David Freese has been photographing air shows nationally since 1987. Air shows in which the Blue Angels (the U.S. Naval flight team) or the Thunderbirds (the U.S. Air Force team) participate require immense space for their soaring maneuvers and draw huge, appreciative crowds. Alternatively, civilian air shows are dense programs with many solo acts and acrobatic stunts. At any such events a subculture emerges - the environment of the passionate fans and pilots - and the performance in the air is their mutual fascination and attraction, including sustaining the attention of this talented photographer in his multiple photographic campaigns.
Freese is a Philadelphia based fine art photographer active in the American Society of Media Photographers and the Society for Photographic Education (SPE).

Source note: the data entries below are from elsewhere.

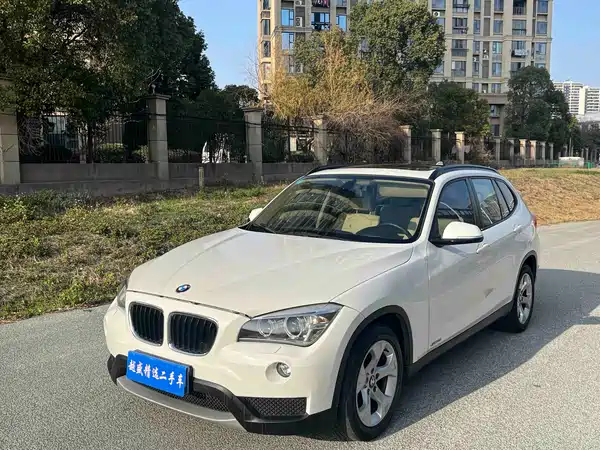 BMW X1 2012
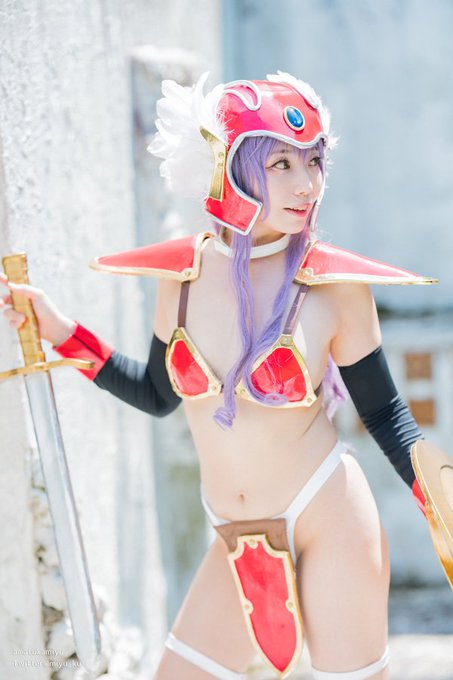 Twitterのコスプレ画像31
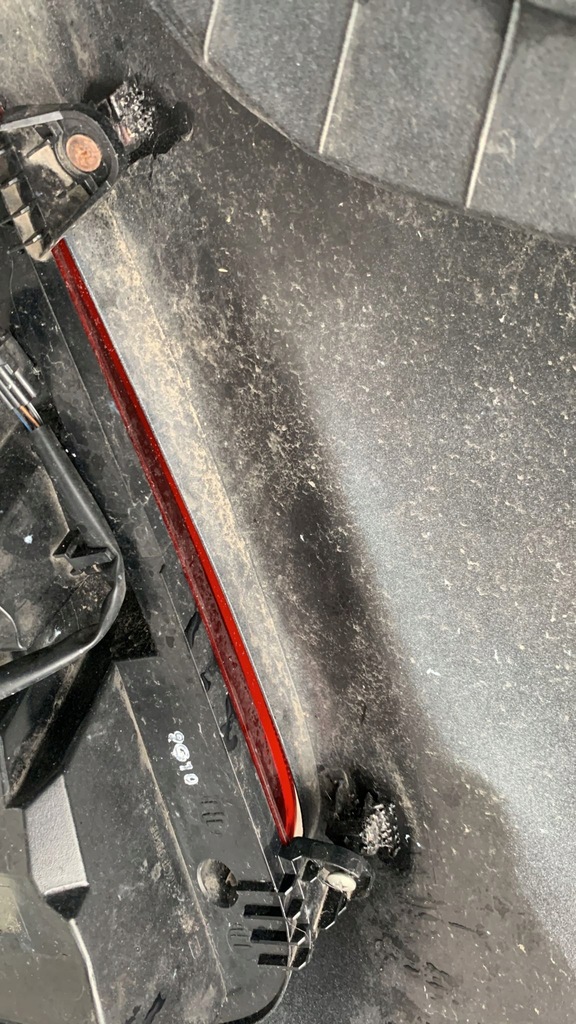 фото №6, Hyundai santa fe 2019- бампер задняя задний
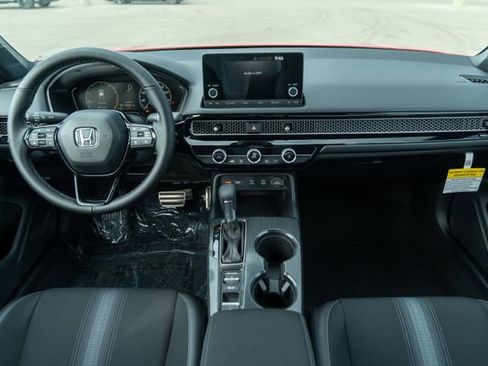 New 2026 Honda Civic Sport image 14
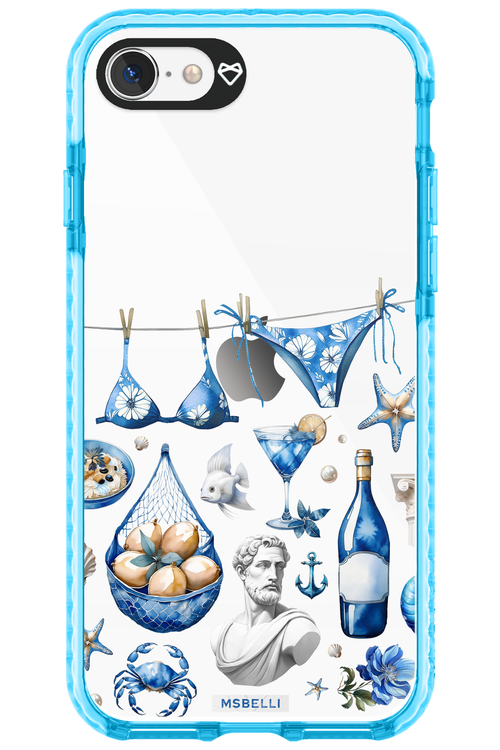 Oh My Greek 2.0 - Apple iPhone SE 2022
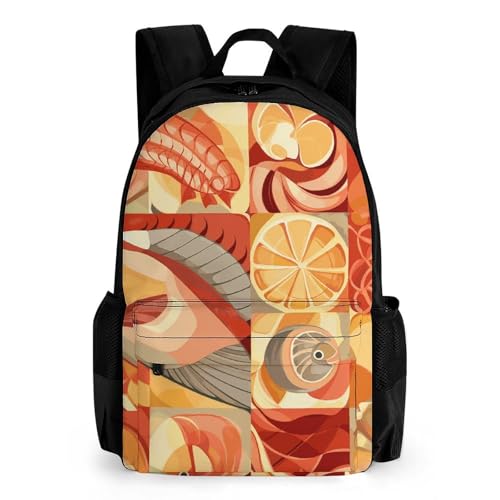 Mochila Deportiva Ligera para Senderismo y Viajes
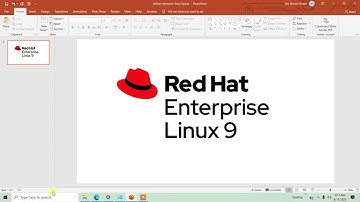 Redhat enterprise linux 9 installation
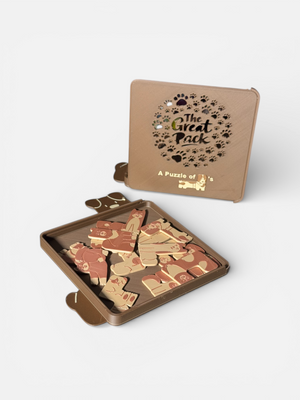 The Great Pack – Dog Puzzle Game by This Rad Life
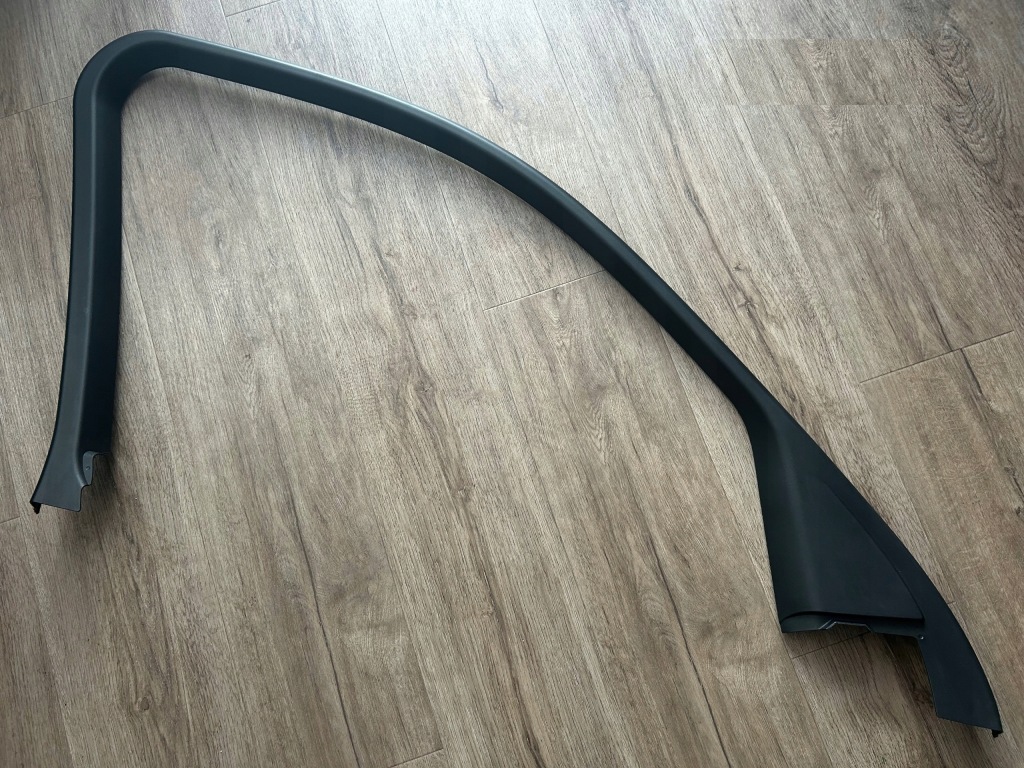 фото №1, Bmw x3 f25 10-17 рамка накладка напрямна скло лівий перед оригінал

He also teaches as an adjunct professor at Drexel University and elsewhere. Freese earned his B.S. from the University of Rochester, and attended Rochester Institute of Technology and N.Y.U. thereafter. His passion for the romance of flight has led him to photograph the world of aviation for three decades.
The large Corridor Gallery exhibition of Freese's photographs documents his experience with shows from the ground and also from the air itself (including one exhilarating flight in tight formation with an Italian Jet Team over New York Harbor). He imprints his aesthetic on photographs that favor echoing patterns, the surprise interpenetration of man-made structures on the ground and in the air and a certain painterly cloud cover providing environmental context for the aircrafts. At the same time, Freese's black and white images hover in a timeless zone, alluding and paying homage to masters in the history of aerial photography such as Jacques-Henri Lartigue, Edward Steichen and Steichen's Naval Aviation Unit during WWII.
One haunting image showing the former World Trade Center Twin Towers from the air gives shocking pause. Its sustained photographic moment congeals with the fragile temporal condition of life on earth as we have come so abruptly to know it. Looking back now at the never again soaring towers through Freese's lens suggests the ambitions of our high risk built environment and our aviation. Thoughts of Icarus are profoundly evoked.
Gallery Talk by the artist September 18, 4:00 p.m.